Operation UNIFIER’s Collective Training Team makes an impact in Ukraine
By Captain Dan Brown, Second in Command Collective Training Team, Joint Task Force – Ukraine
A live-fire water crossing. BTR-80 armoured personnel carriers. A four-day battalion-level final exercise.
Ukrainian soldiers completed their most recent training cycle in June under the mentorship of international partners, including Canadian Armed Forces members deployed on Operation UNIFIER. The advanced and complex nature of the training reflects the Armed Forces of Ukraine’s (AFU) willingness and determination to make progress with their partners.
Members of the Collective Training Team (CTT)—part of the sixth rotation of troops to deploy on Operation UNIFIER—have been in Ukraine for almost fourth months. They operate out of the International Peacekeeping and Security Centre (IPSC) in Starychi, Ukraine.
The CTT, by far Operation UNIFIER’s largest and most widely dispersed team, provides individual and collective training to a wide variety of Ukrainian units. While its headquarters is in Starychi, its reach is across Ukraine. Its Dispersed Training Team and Staff Training Team are located across the country. They provide mentorship, security force capacity, and capability building. They also train AFU members in the operational planning process.
At the IPSC, the largest portion of the CTT forms “Charlie Company” in the US Army-led multinational Partner Assistance Training Team Battalion. Alongside US, Polish, and Lithuanian partners, they work closely with the Ukrainian Combat Training Centre instructional staff to ensure that training is delivered effectively.
Throughout this most recent training cycle, Ukrainian Combat Training Centre staff played a major role in providing essential training to the AFU soldiers. The training covered a variety of subjects and training objectives. These ranged from basic soldier skills, such as medical training and weapons proficiency, to platoon and company live fire operations and battalion level confirmation exercises. The Ukrainian staff provided realistic training for the AFU soldiers who will no doubt take these skills and hone them as they progress through their service.

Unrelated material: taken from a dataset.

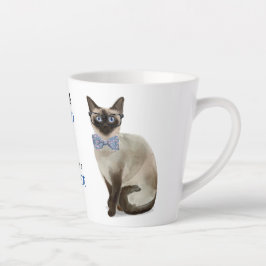Arbeit für meine Siamkatze Milchtasse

“We have had a busy first half of the rotation, and there is still more work to be done,” noted Captain Dan Brown, Acting Commander of the CTT. “It is a privilege to work with the AFU and our partner nations, and we are excited about the new opportunities ahead to make lasting impacts for this great country.”
In other parts of Ukraine, three separate travelling mentor teams move freely to non-centrally located AFU units. They have been busy providing assistance to the AFU. Their objectives are wide-ranging.
One area of focus is on leadership development for non-commissioned officers across the Land, Air, and Naval forces. Another aspect is sniper training development.
Some of the training is very closely coordinated with international allies. Canadian Armed Forces members are supporting Britain’s Operation ORBITAL to deliver their Urban Defence Course.
On the logistics side of the house, there is a training cell which can be surged to support AFU logistical training courses around the country. Further, there is a mentor team at the Odessa Military Academy. They provide input into the instructional faculties in Logistics, Reconnaissance/Special Operations Forces, Airborne and Rocket Artillery.
In all respects, the Canadian team collects lessons learned from these very new Ukrainian programs. All of these efforts help to improve these programs and assist the AFU in its goal of moving towards NATO compatibility.